Comme
de coutume et de concert, j'arrive, nous arrivons, vous arrivez et
aujourd'hui, il est question d'accord perdu. Accord perdu au père.
Accord dû au père. Bon. Bien. Très bien. Alors parlons-en.
On
distribue le papier, on le pèse, il y a bombance, ça va être du lourd,
il y a double ration. Puis on cherche des stylos, des noirs, des variés,
des rigolos. Non, excusez-moi, je n'aime que le mien. Puis vous nous
racontez une histoire, une histoire pour s'évader, une histoire pour
lacher, une histoire à écouter, une histoire à habiter, une histoire à
tiroirs, une histoire rocambolesque, une histoire interminable.
Je pourrais peut-être écrire pendant ce temps. En attendant que l'histoire longue soit terminée.

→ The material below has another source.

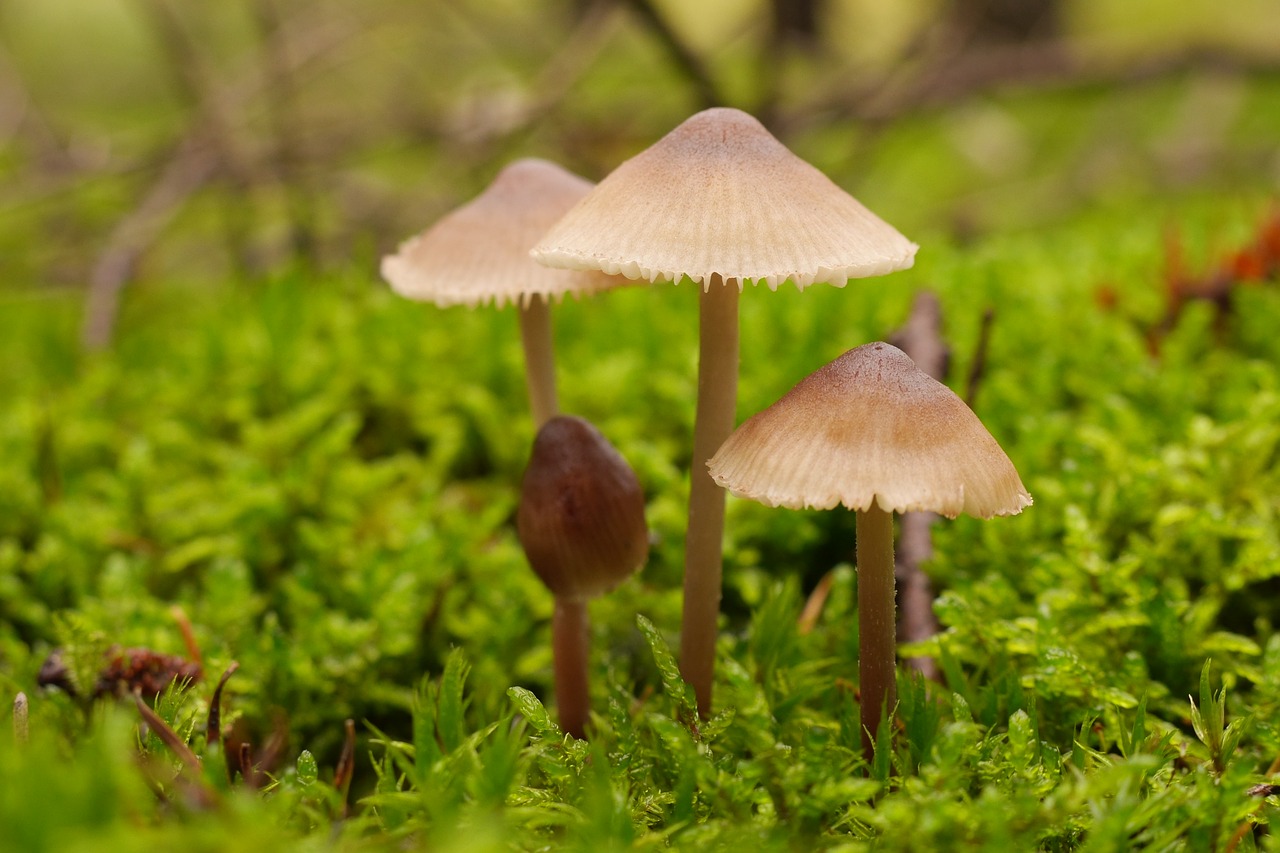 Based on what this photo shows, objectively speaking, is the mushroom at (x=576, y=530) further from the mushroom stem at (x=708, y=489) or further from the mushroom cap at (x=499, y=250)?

Une histoire avec des rebondissements. C'est l'histoire longue d'une jeune fille, il y a un roi.
Il
conviendrait bien d'attendre la fin d'un chapitre pour commencer à
écrire. Ai-je voix au chapitre ? Ai-je le droit d'interrompre ainsi mon
écoute? Ce n'est pas poli. Elle est intéressante votre histoire mais
dans la vie, il faut savoir ce qu'on veut. Si on est venu pour écrire,
il faut écrire à corps perdu, il ne faut pas se laisser distraire, il
faut suivre son chemin. Sinon, ce n'est pas la peine de dire qu'on est
venu pour écrire, qu'on aime écrire; c'est qu'on n'ose pas réellement
avoir envie d'écrire.
Le
roi a marié sa fille à un homme qui la bat. Quand il aura fini de la
battre, c'est interminable, je pourrai écrire, je commencerai à écrire.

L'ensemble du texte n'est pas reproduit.